What else does Mars have? Well, there's the one-third Earth gravity that could cause the potential for muscle atrophy and reduced bone density (among other potential health risks we can't estimate yet), particularly for those growing up in such an environment. People growing up on Mars and living their entire lives there would have to perform rigourous training regimens to ever be able to go back to Earth-normal gravity, as otherwise their bodies would weigh three times as much as they would be used to. What about the drastic temperature variation that Mars recieves every day-night cycle that would quickly wear down and destroy exposed components such as communications equipment, I mean that's pretty drastic. This is all before considering that Mars has no particular natural resources that make it suited for habitation. Where Ceres, Deimos, Ganymede, Callisto and Europa have multiple-Earth's-worth of water ice, Titan has ample hydrocarbon lakes and the biggest heat sink in the solar system or Mercury has sunlight, Mars has nothing. Want minerals? The asteroid belt has you covered by an order of magnitude more, while also being much cheaper and less costly in regards to Delta-V to obtain. Even Mars' moons Deimos and Phobos are incredibly useful staging areas, as their essentially null gravity makes landing and extraction of ice easy, but their gravel-esque composition makes them easy to hollow out for cheap radiation shielding. But even then, if you can protect against radiation on Mars, you can do it a million times cheaper in space, while also being able to control the gravity of your habitat because of based centrifugal force, meaning you can easily live in 1G gravity your entire life.
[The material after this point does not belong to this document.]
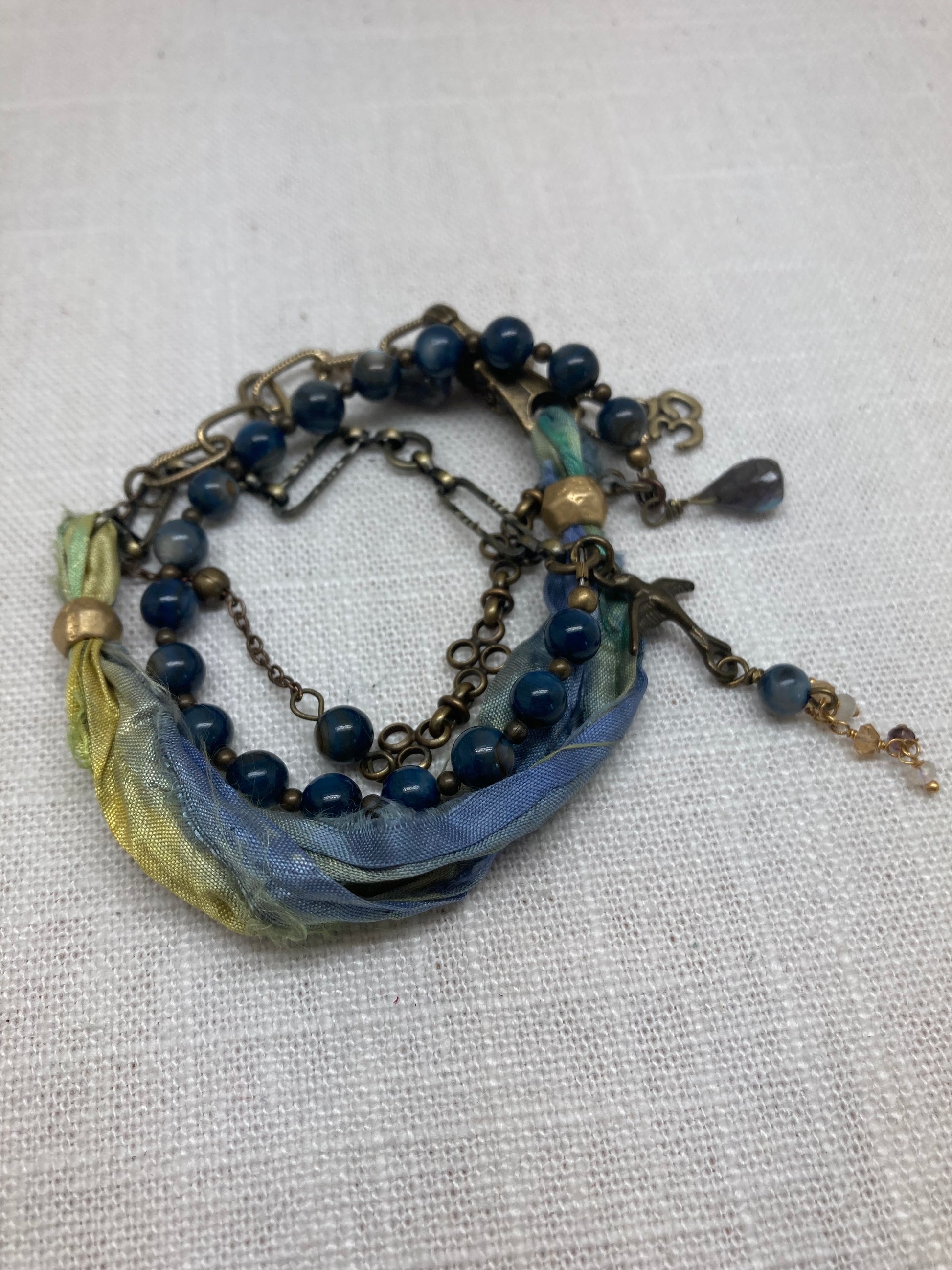 dark blue, yellow, and green wrap bracelet or necklace, convertible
This is all before considering that terraforming is a project that would require at least a civilisation at level two on the Kardashev scale (complete control of all resources of a given star) - where we only rank at barely 0.7 (not even capable of fully harnessing our own planet). Good luck trying to melt a literal planet's worth of mass to restart the core for that magnetic field, and another planet's worth to increase the gravity to Earth's. Not to mention the question of where you're going to get all of that water from to fill the oceans and the air to breathe, because all that mass has to come from somewhere too.
It's probably just easier to build a shit ton of space stations in a Dyson Sphere orbiting the sun tbh fam. Planets are more trouble than they're worth.